Veteran Spanish director Carlos Saura has become a specialist in what might be called the performance film: something between a concert documentary and a Hollywood musical.

He showed off his trademark style best in Sevillanas (1992) and Flamenco (1995): magnificent singers and dancers moving within an abstract space defined by shifting white screens and the superbly intricate lighting of cinematographer Vittorio Storaro.

Occasionally, however, Saura clearly becomes nostalgic for the days when he was considered the sort of arthouse director who could combine human tragedy with political allegory (as in Raise Ravens, 1975).

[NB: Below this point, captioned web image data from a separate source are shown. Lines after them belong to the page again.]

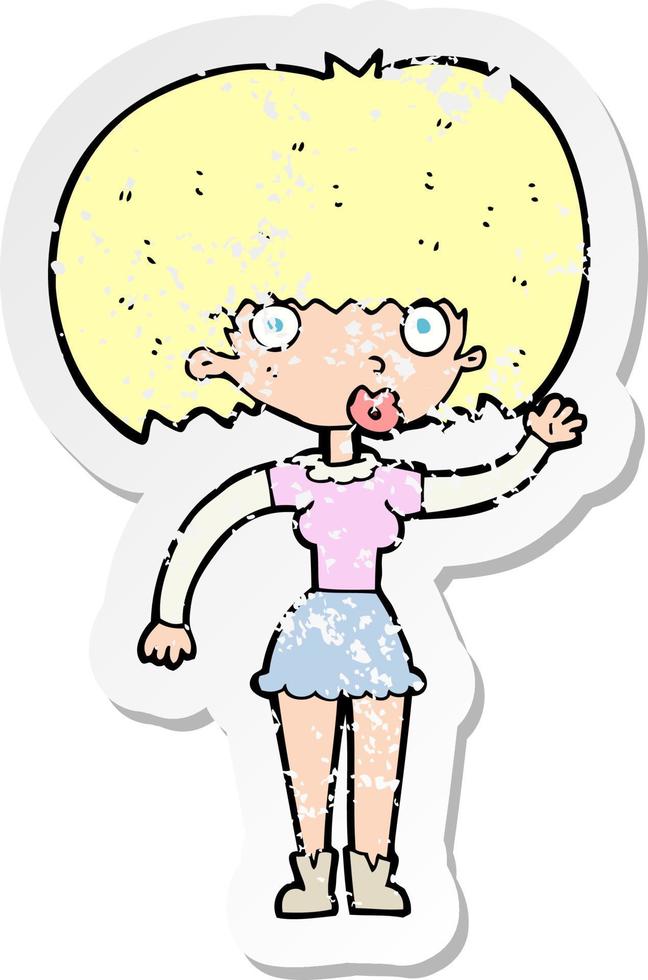 retro distressed sticker of a cartoon woman waving vector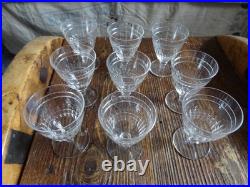 9 Verres à Vin Cuit En Cristal De St Louis Taillé époque Art Déco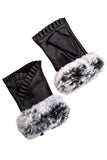Fur & Leather No Finger Glove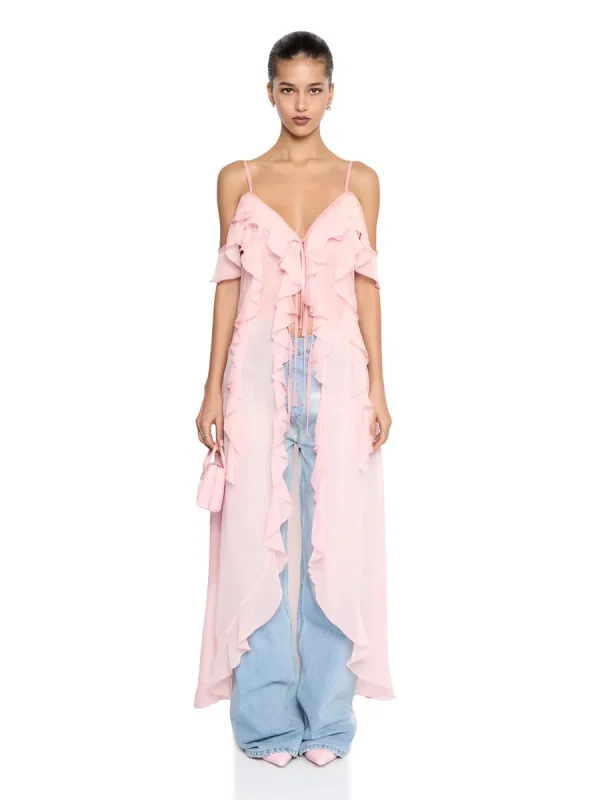Ruffle V-neck Irregular Mesh See Through Sleeveless Chic Mid-length Dress - Image 14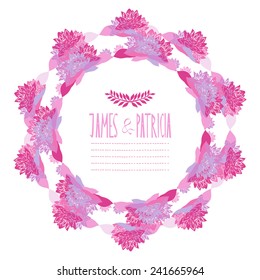 Elegant floral lotus wreath, design element. Can be used for wedding, baby shower, valentines day, birthday cards, invitations. Vintage decorative flowers.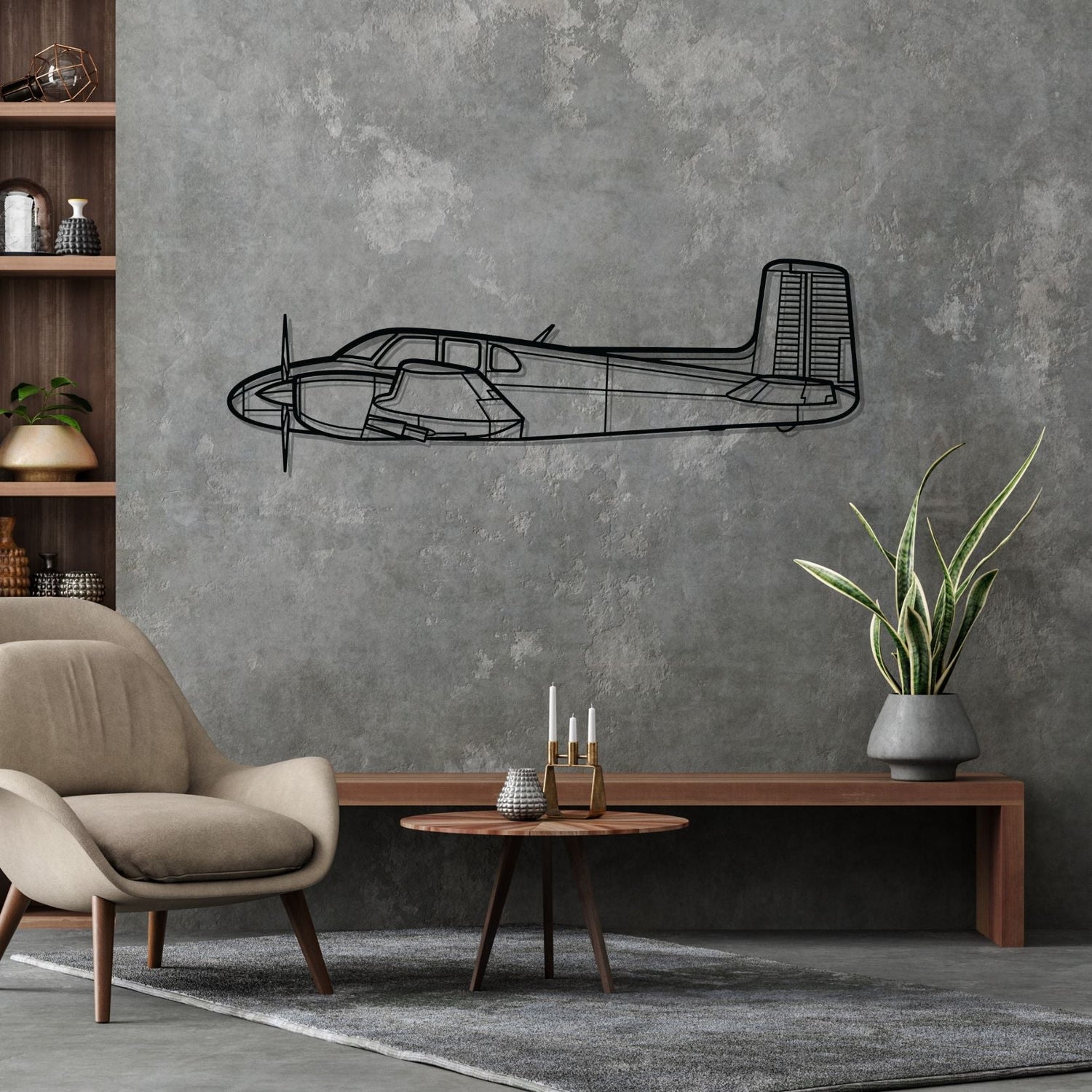 Décoration murale en métal - D50 Twin aircraftvibes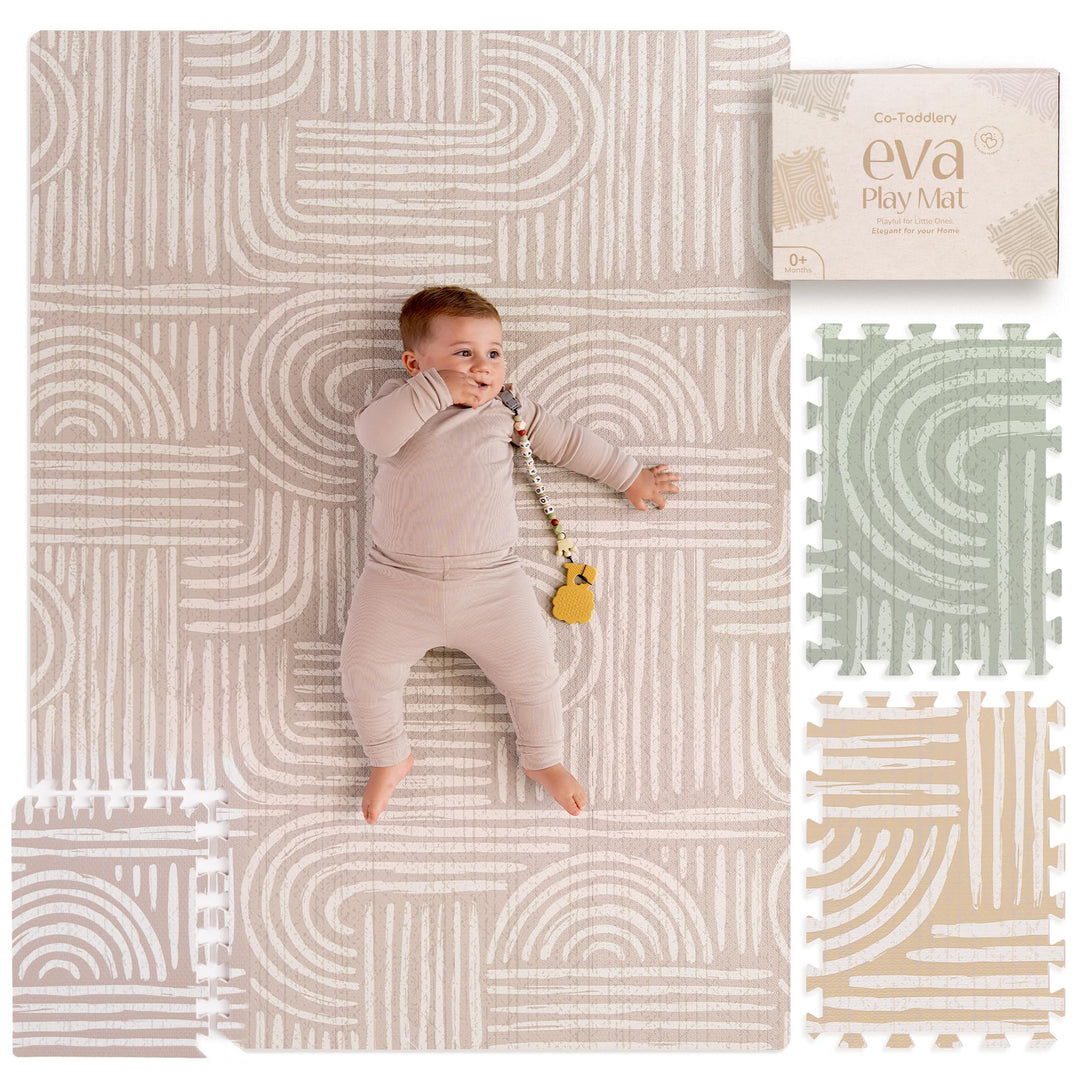 Puzzlematte Baby – Premium Krabbelmatte Baby aus EVA Schaum, Kinderteppich im zeitlosen Design, ruts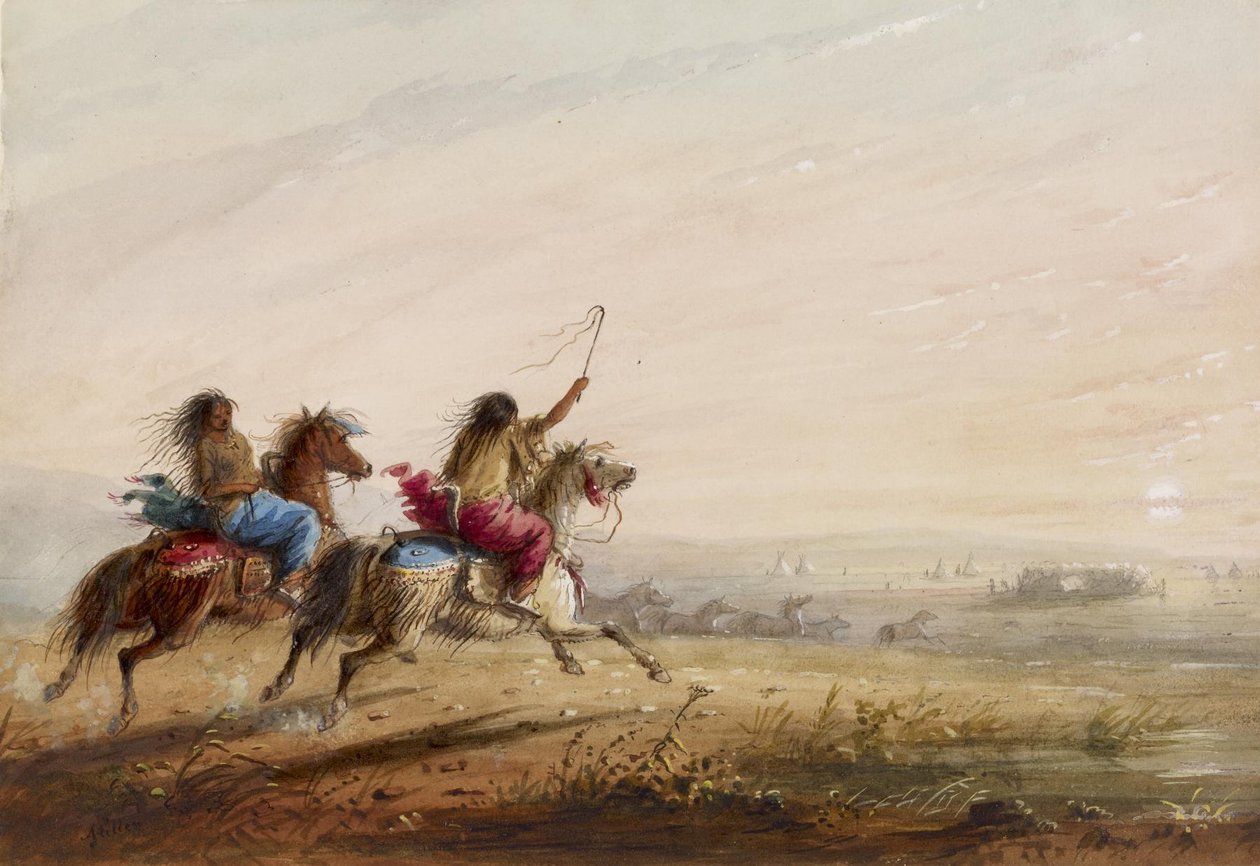 Niñas indias: carrera de Alfred Jacob Miller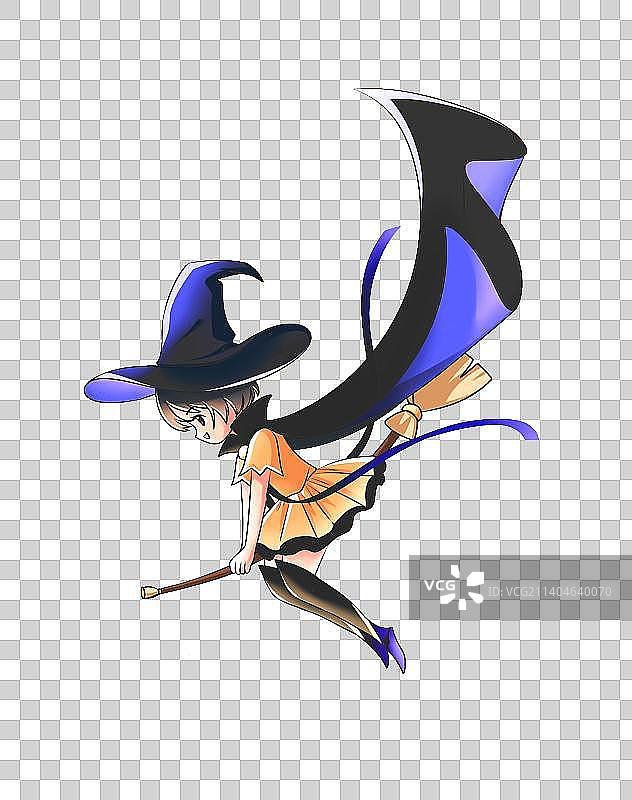 骑着扫把飞翔的女巫，万圣节卡通素材图片素材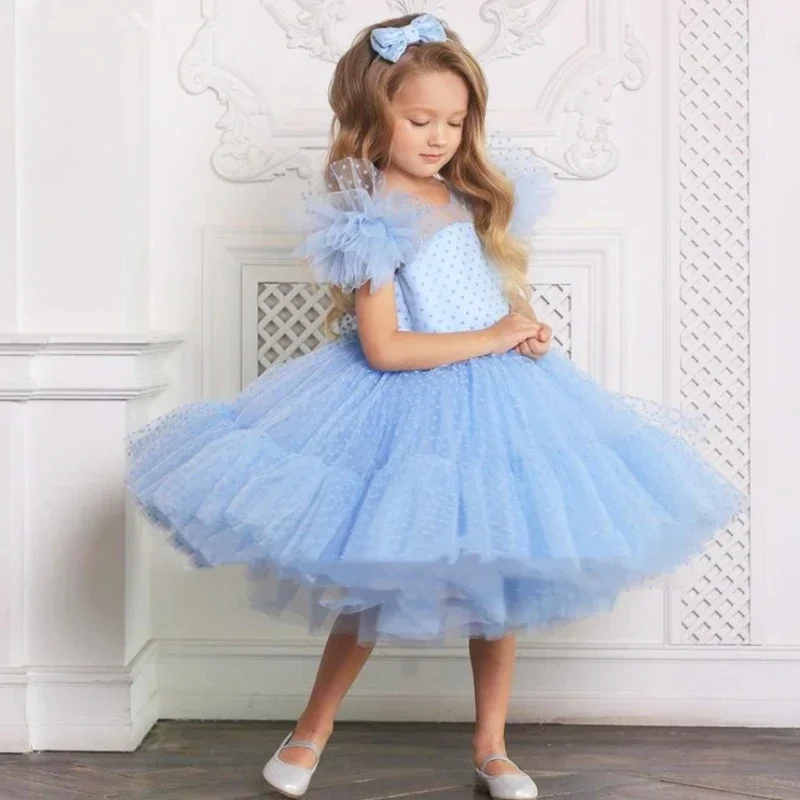 

Sky Blue Flower Girls Dresses Pleated Ruched Knee Length Tiered Puffy Girl For Wedding Princess Birthday Ball Gowns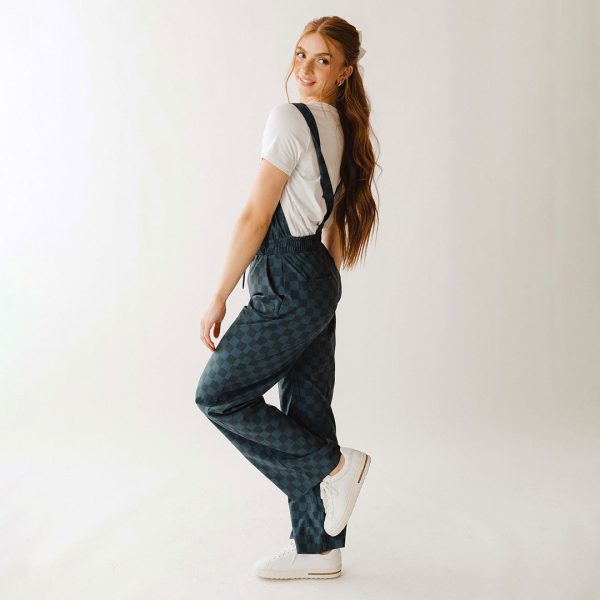 BYU Audrey Trouser Overalls, Blue Check Sale - Image 3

And so he devises a structure which wraps the singing and dancing within some sort of plot – usually a trickily reflexive one, in which a handsome, older artist-figure stands for the filmmaker, and the melodrama of art mirrors and intersects with the vicissitudes of real life.

Tango is Saura's clumsiest effort at creating a hybrid of this sort. For a while, the structure is simple: the romantic problems of Mario (Miguel Angel Sola), as he pines for his ex-partner Laura (Cecilia Narova) and flirts with the much younger Elena (Mia Maestro), intertwine with the dance-spectacular he is preparing to capture on film. Since both women in his life appear in his movie, the stage is set for some fiery tango sparring.

At a certain point, for no clear reason, Mario snaps. He grows tired of the infernal triangle of art, love and sex, and turns his production into a serious, sombre reflection on world history. "I'm searching for ideas in Goya's sketches", he pompously announces – introducing a garishly kitsch dance number about political torture and oppression. From here, Tango slides into pure boredom.

Saura's little games with reflexivity have a very dated air, and the tangle of artifice and reality produces some unintentionally hilarious moments – such as when a nearby sound-effects crew provides strident accompaniment to the tender lovemaking of Mario and Elena.

In another memorable scene, a crazy lesbian fantasy unreeling in Mario's head allows Storaro to remind us all of the time that he worked on Bertolucci's best films (such as The Conformist, 1970) – as opposed to Saura's worst.

Still, one cannot deny that the music and dancing are great. Lalo Schifrin (of Mission: Impossible fame) has composed many splendid new tangos for the film, and the choreography that accompanies them is vigorous, if sometimes rather fussily filmed.

A purely musical highlight comes when a band featuring some very old men play an astonishingly intricate tango with hardly a trace of effort; to balance this virtuosity, Saura includes a charming scene of young children learning to dance.

The teacher looks at a young couple and remarks: "She's got natural rhythm, and he's an oaf, but she won't dance with anyone but him". Our world-weary artist-hero replies: "Isn't that always the way?"